WHAT THE EXERCISE ASKS: Transcribe, exactly and without pictures, the lines below from the line with "una montagna rocciosa" to the line with "Продам машину Hyundai Elantra", both ends included, and no others.

RECORDS PROVIDED:
....................

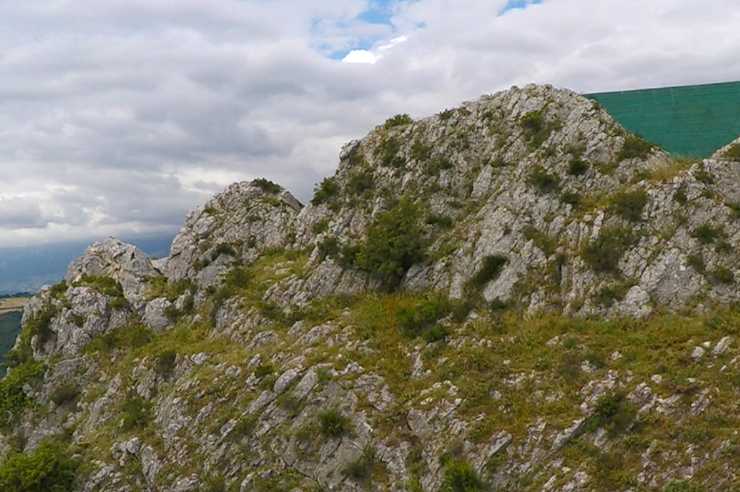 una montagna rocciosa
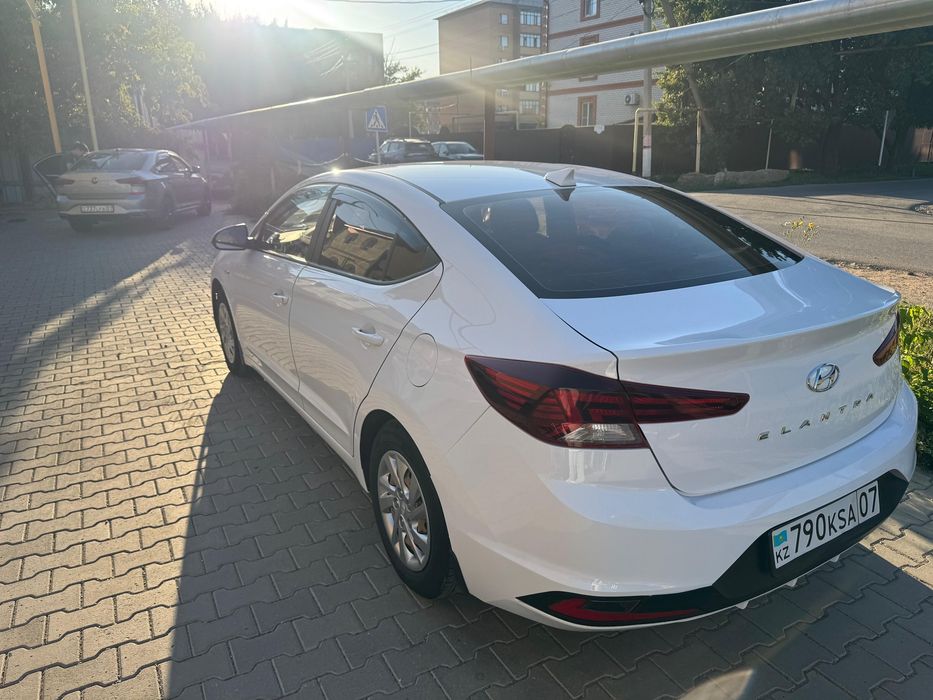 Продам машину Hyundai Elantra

....................

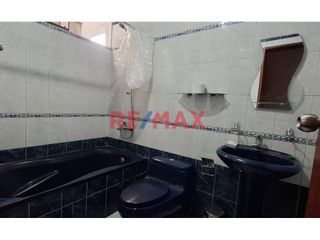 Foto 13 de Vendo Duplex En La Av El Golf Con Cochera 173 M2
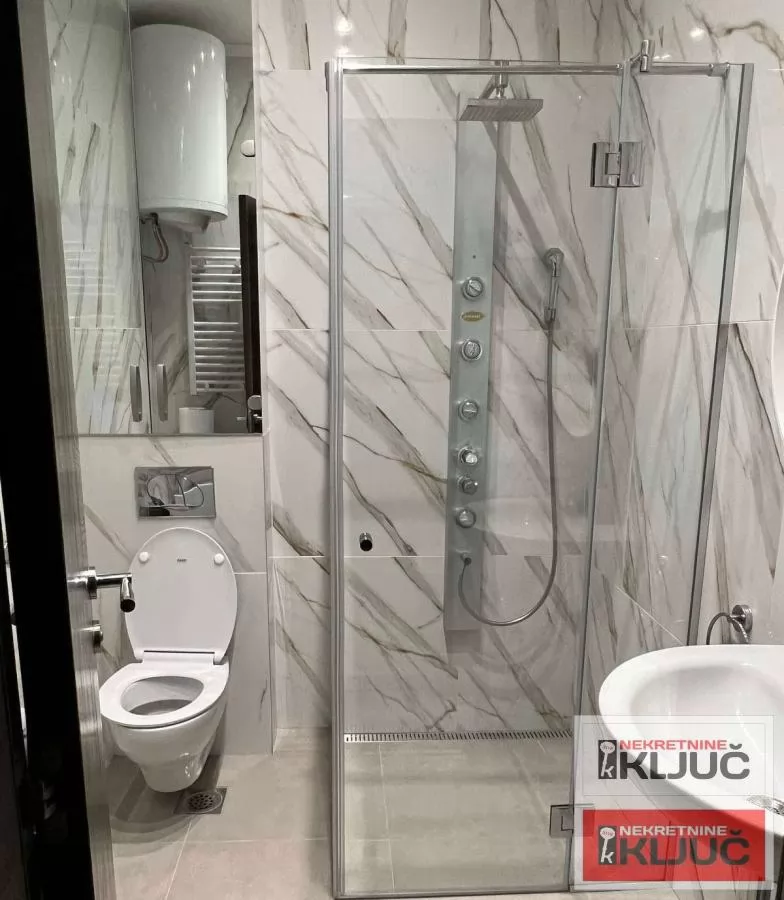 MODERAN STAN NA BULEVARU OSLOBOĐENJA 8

....................

YOUR RESPONSE:
 una montagna rocciosa
 Продам машину Hyundai Elantra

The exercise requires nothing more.